The world’s biggest sovereign wealth fund is shaping its own analysis of risk factors as it looks for ways to boost returns and increase its global reach.
Because of its size -- currently $860 billion -- Norway’s wealth fund can’t rely on analysis and research that others have come up with, according to Ole Christian Bech-Moen, its chief investment officer for allocation strategies.
“It’s not easy for us to take an off-the-shelf factor strategy and implement it due to the sheer size of the fund,” he said in an interview on Wednesday after speaking at a conference in Oslo. “We operate in many different markets and trading costs vary a lot in the different markets, so we need to think thoroughly how to implement these strategies.”
Institutional investors, including Pacific Investment Management Co., have used a factor risk-approach that seeks to take advantage of specific risks and attributes such as market value, momentum, volatility or leverage when building a portfolio. Other major Nordic funds are also planning to implement a similar approach. Denmark’s biggest pension fund, ATP, said this week it’s seeking board approval to move to factor-based investing.

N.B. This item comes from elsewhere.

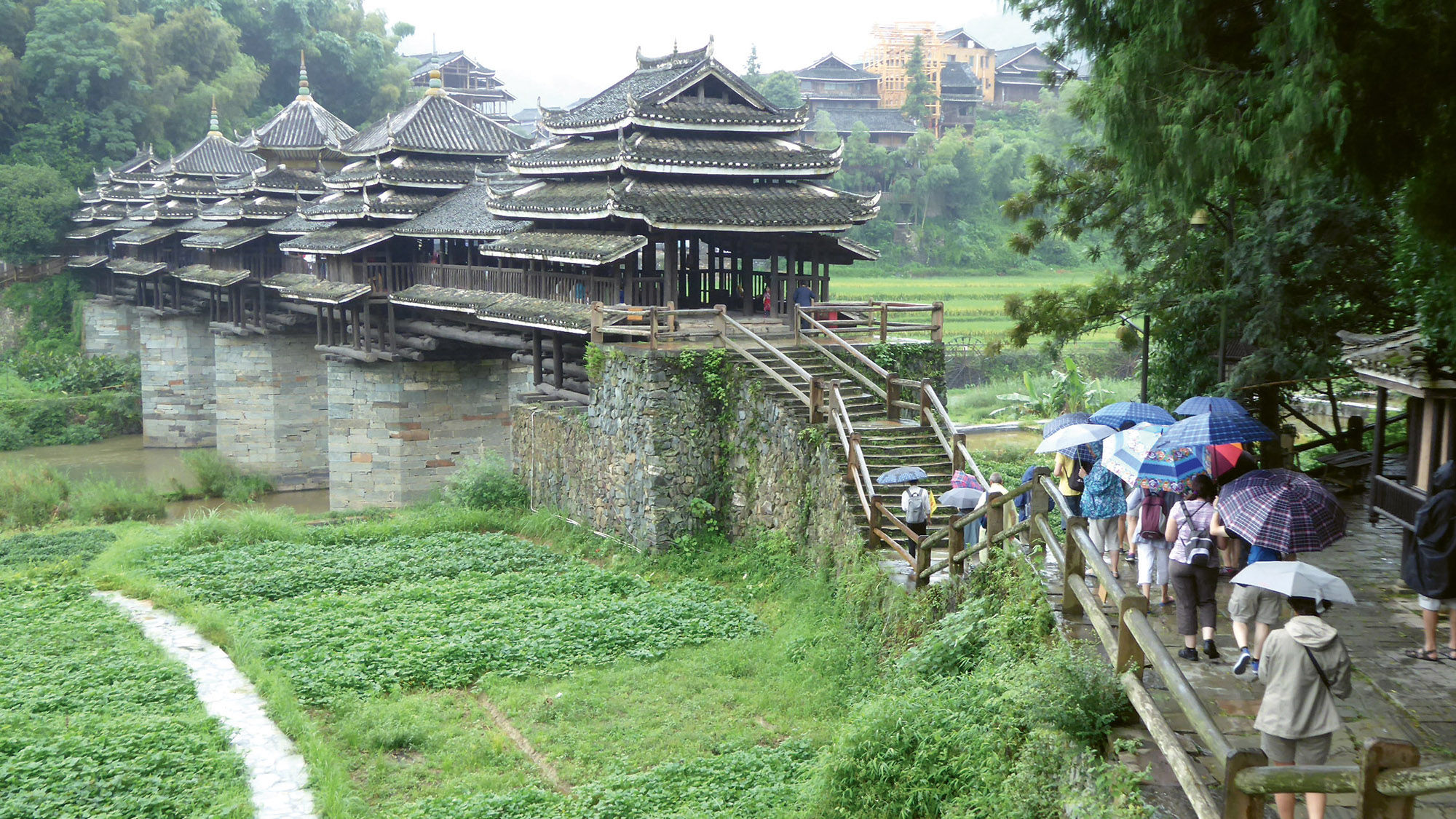 The ornate “Bridge of Wind and Rain” features thatched-roofed drum towers decorated with sculptures and frescoes.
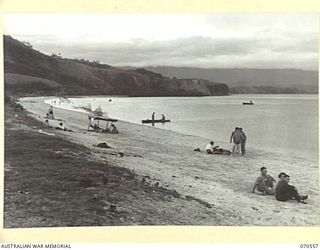 PORT MORESBY, PAPUA, 1944-02-20. MEMBERS OF THE AUSTRALIAN ARMY MEDICAL WOMEN'S SERVICE RELAXING WITH FRIENDS AT THE BEACH IN FRONT OF THE AUSTRALIAN WOMEN'S SERVICES CLUB, CONDUCTED BY THE ..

The Norwegian wealth fund is also looking at adding more risk, with those overseeing the investor now considering allowing it to boost its stock allocation beyond the current 60 percent. The fund also wants to add more real estate investments and buy infrastructure projects. It has been struggling to meet a 4 percent real return target amid record-low interest rates and volatile markets, and posted a $32 billion loss last quarter, its biggest in four years.
With investments spread across 75 countries -- a figure that is growing -- the fund faces particular challenges in factor investing in smaller, less liquid markets, Bech-Moen said.
“Some of these strategies use more data than just the market prices so the data quality and access to data in different markets may also be of concern,” he said.
It also faces challenges of cash-flow as the government will next year make its first ever withdrawal to cushion the nation from the slump in oil, which has been the lifeblood of the fossil-fuel-reliant economy. The fund has grown more than six-fold during an oil-price boom over the past decade.
While a decline in flows into the fund so far hasn’t impacted its strategy, it will make it more cumbersome to shift course in the years ahead, according to Bech-Moen.
“If you have no inflow and you want to change the portfolio composition, you have to sell something before you buy something,” he said. “So changes may take a little bit longer to implement.”